These four wild horses on the beach walking down to the surf line live in Currituck National Wildlife Refuge just above the end of the road in the Outer Banks at Corolla, North Carolina. From that point, only four wheel drive can take you where these animals roam the dunes as there are no paved roads. You can drive along the beach another 12 miles to the Virginia line, in addition to a few very sandy inroads into the dunes. At both ends there are fences and a cattle guard at the end of the Corolla hard road, to keep them from wandering on the highways to the south and into heavily developed areas.

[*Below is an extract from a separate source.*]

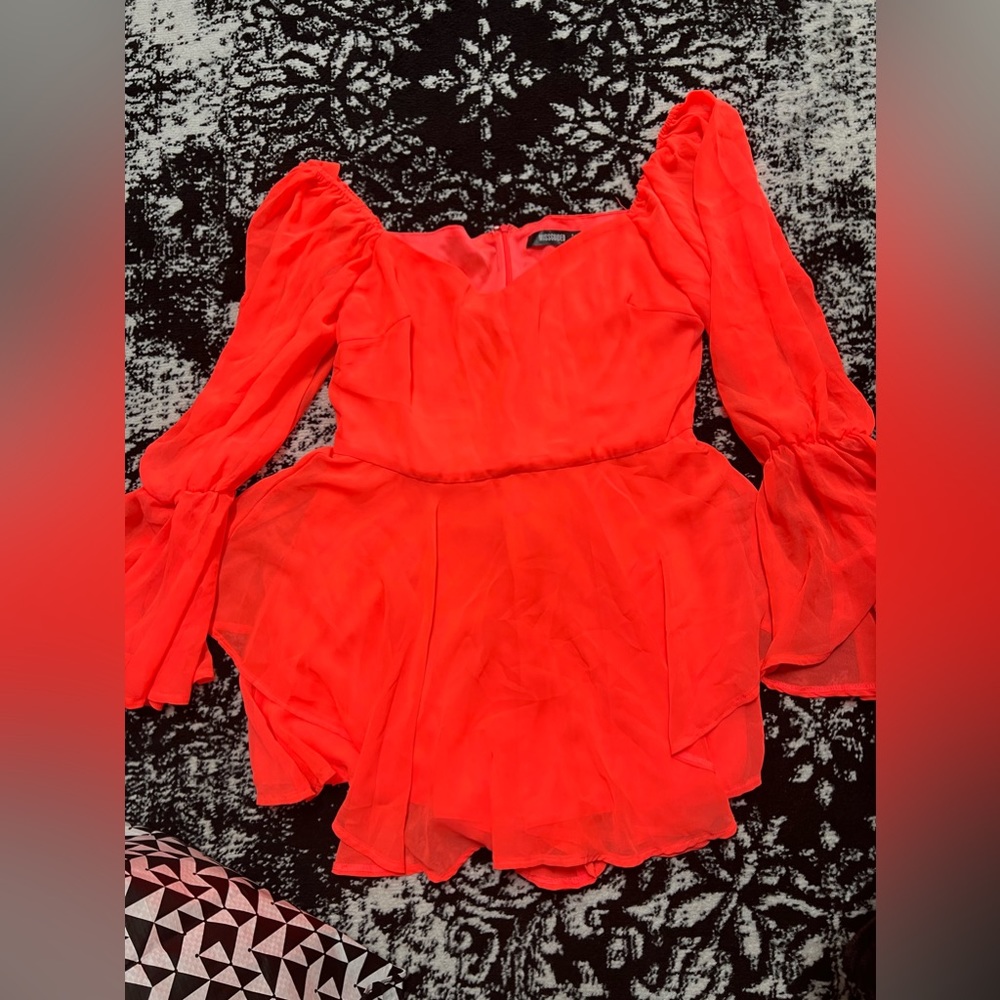 Misguided playsuit/ romper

How long have the “banker ponies” been here and where did they come from? No one knows, but the two best guesses have the horses as Spanish shipwreck descendants or escaped farming horses and the actual answer may be both and more. They have cousins in groups to the north and south through the Outer Banks region, but the enforced isolation has led to some inbreeding issues, although the animals appear to be healthy overall. They are also entirely solid color or bays here, yet the horses at Chincoteague in Virginia are mostly paints. All the horses at both locations are noticeably short which makes them more accurately classed as ponies.
In this image of the four beachcombers, a stallion and his harem string of three mares mosey toward the edge of the waves. They've just walked down from the sand dunes behind them. Soon they might form a walking string with the stallion leading to go further down the beach, or gather in a tight group to stand facing the waves where they would simply doze, letting the offshore breeze blow the insects away. I've always enjoyed watching herd behavior sitting on a pasture fence overlooking domestic herds, but here it was very interesting chance to watch these feral horses in their natural setting.